-- The data follows --

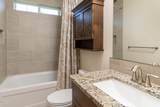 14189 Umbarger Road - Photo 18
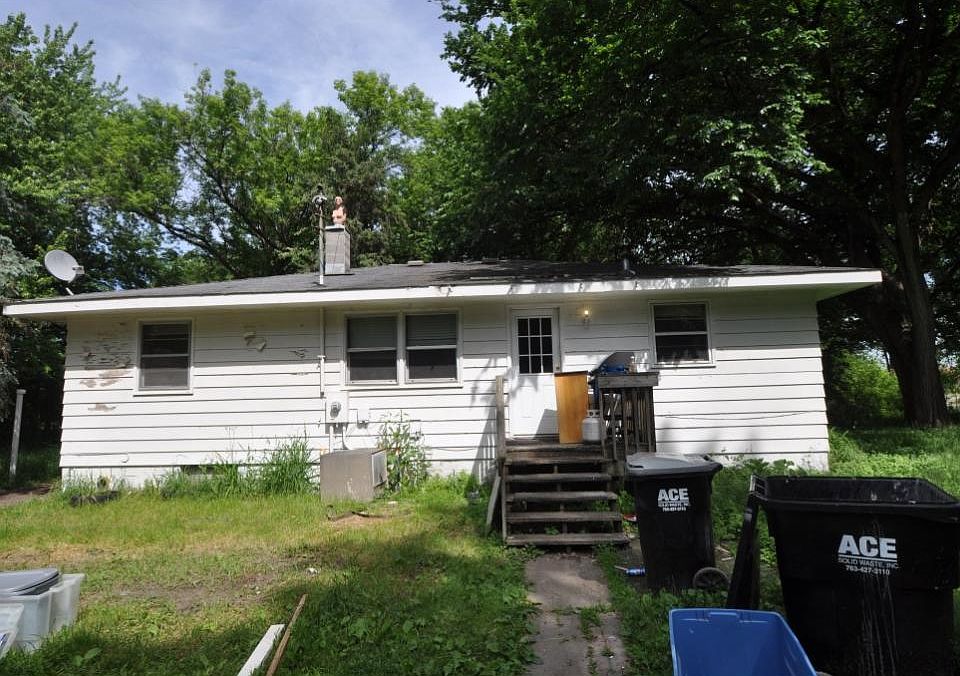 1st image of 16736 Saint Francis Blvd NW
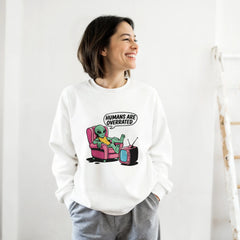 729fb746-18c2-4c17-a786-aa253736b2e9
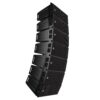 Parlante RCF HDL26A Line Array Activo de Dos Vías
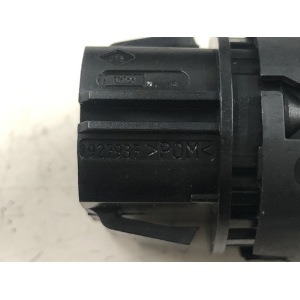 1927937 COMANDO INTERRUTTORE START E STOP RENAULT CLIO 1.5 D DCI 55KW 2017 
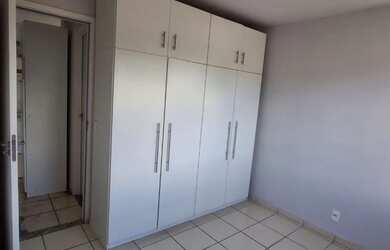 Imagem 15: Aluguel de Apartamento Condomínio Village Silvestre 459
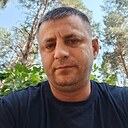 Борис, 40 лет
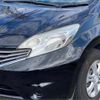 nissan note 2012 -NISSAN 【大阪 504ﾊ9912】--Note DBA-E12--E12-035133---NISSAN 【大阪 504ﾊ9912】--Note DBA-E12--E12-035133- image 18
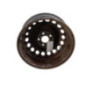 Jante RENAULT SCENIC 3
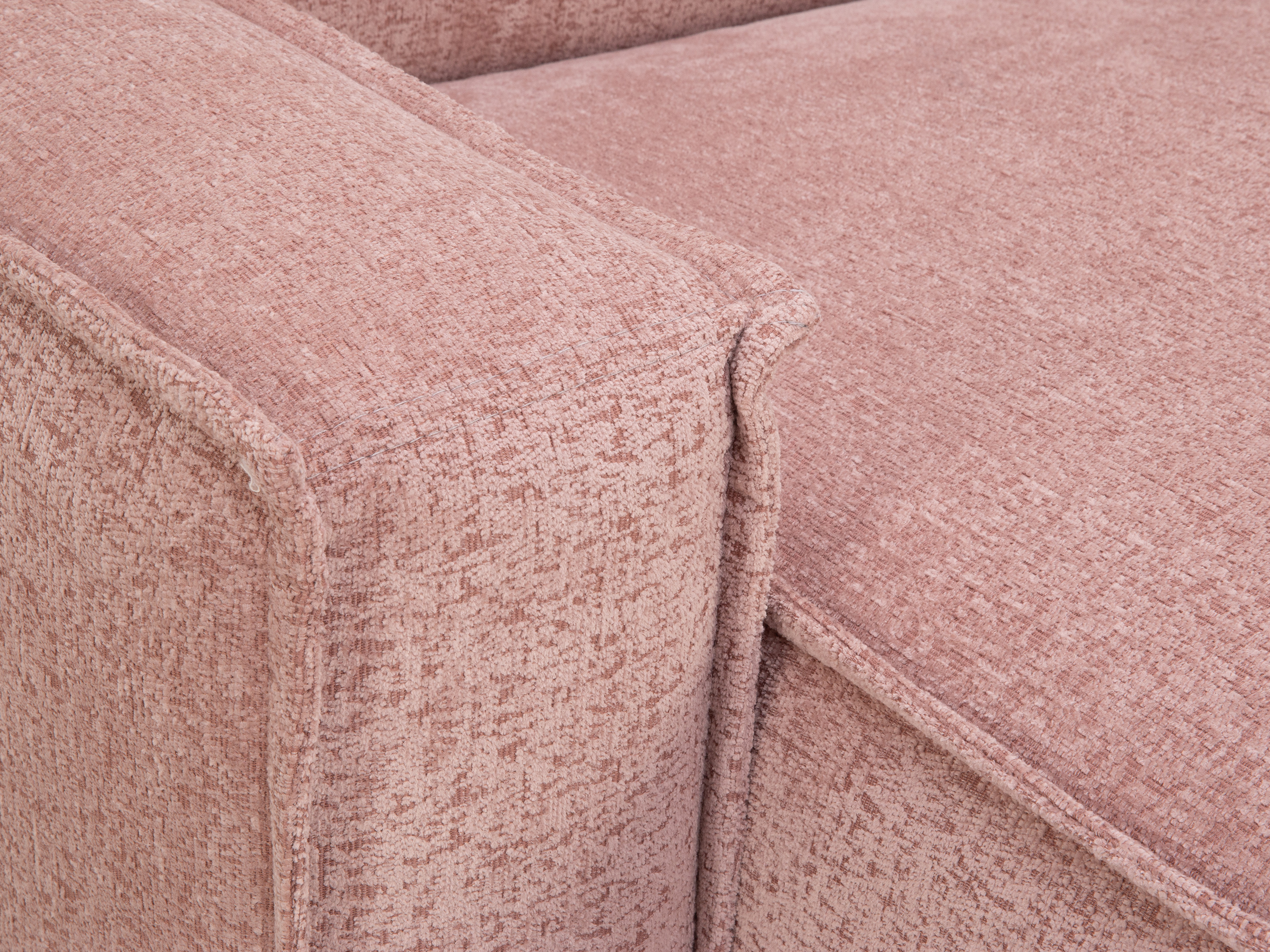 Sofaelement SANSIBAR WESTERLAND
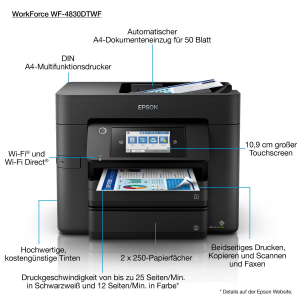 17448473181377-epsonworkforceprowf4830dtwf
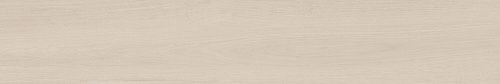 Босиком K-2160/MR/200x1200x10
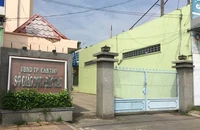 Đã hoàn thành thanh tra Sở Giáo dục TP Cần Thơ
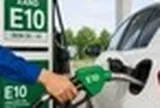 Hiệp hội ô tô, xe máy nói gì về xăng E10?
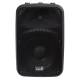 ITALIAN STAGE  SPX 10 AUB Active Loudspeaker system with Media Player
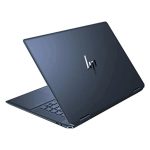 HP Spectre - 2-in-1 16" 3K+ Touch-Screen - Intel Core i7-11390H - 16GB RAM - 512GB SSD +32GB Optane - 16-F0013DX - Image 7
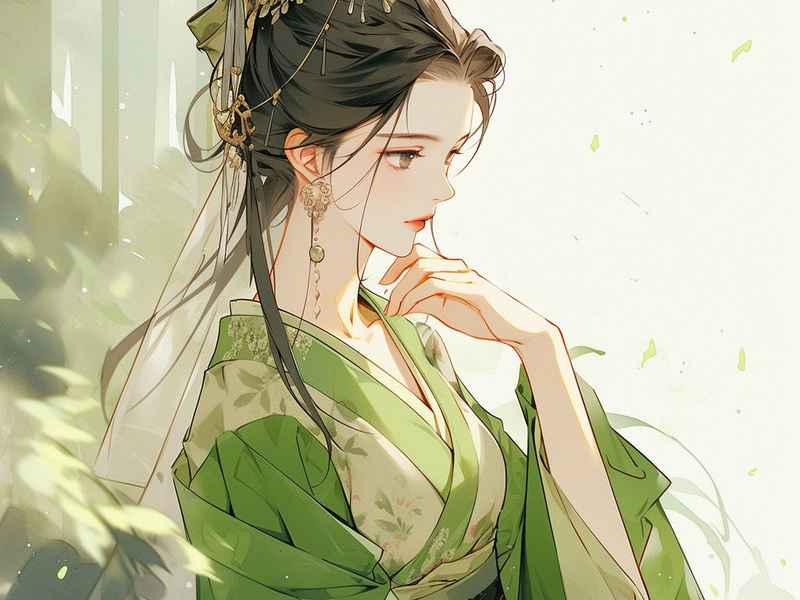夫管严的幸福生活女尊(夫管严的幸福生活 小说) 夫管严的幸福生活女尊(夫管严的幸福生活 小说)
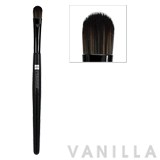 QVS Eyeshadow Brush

-- The data concluded --

To do:
Print the records exactly and omit all pictures.

The completed task:
 14189 Umbarger Road - Photo 18
 1st image of 16736 Saint Francis Blvd NW
 729fb746-18c2-4c17-a786-aa253736b2e9
 Parlante RCF HDL26A Line Array Activo de Dos Vías
 1927937 COMANDO INTERRUTTORE START E STOP RENAULT CLIO 1.5 D DCI 55KW 2017 
 Imagem 15: Aluguel de Apartamento Condomínio Village Silvestre 459
 Борис, 40 лет
 nissan note 2012 -NISSAN 【大阪 504ﾊ9912】--Note DBA-E12--E12-035133---NISSAN 【大阪 504ﾊ9912】--Note DBA-E12--E12-035133- image 18
 Jante RENAULT SCENIC 3
 Sofaelement SANSIBAR WESTERLAND
 17448473181377-epsonworkforceprowf4830dtwf
 Босиком K-2160/MR/200x1200x10
 Đã hoàn thành thanh tra Sở Giáo dục TP Cần Thơ
 Hiệp hội ô tô, xe máy nói gì về xăng E10?
 ITALIAN STAGE  SPX 10 AUB Active Loudspeaker system with Media Player
 HP Spectre - 2-in-1 16" 3K+ Touch-Screen - Intel Core i7-11390H - 16GB RAM - 512GB SSD +32GB Optane - 16-F0013DX - Image 7
夫管严的幸福生活女尊(夫管严的幸福生活 小说) 夫管严的幸福生活女尊(夫管严的幸福生活 小说)
 QVS Eyeshadow Brush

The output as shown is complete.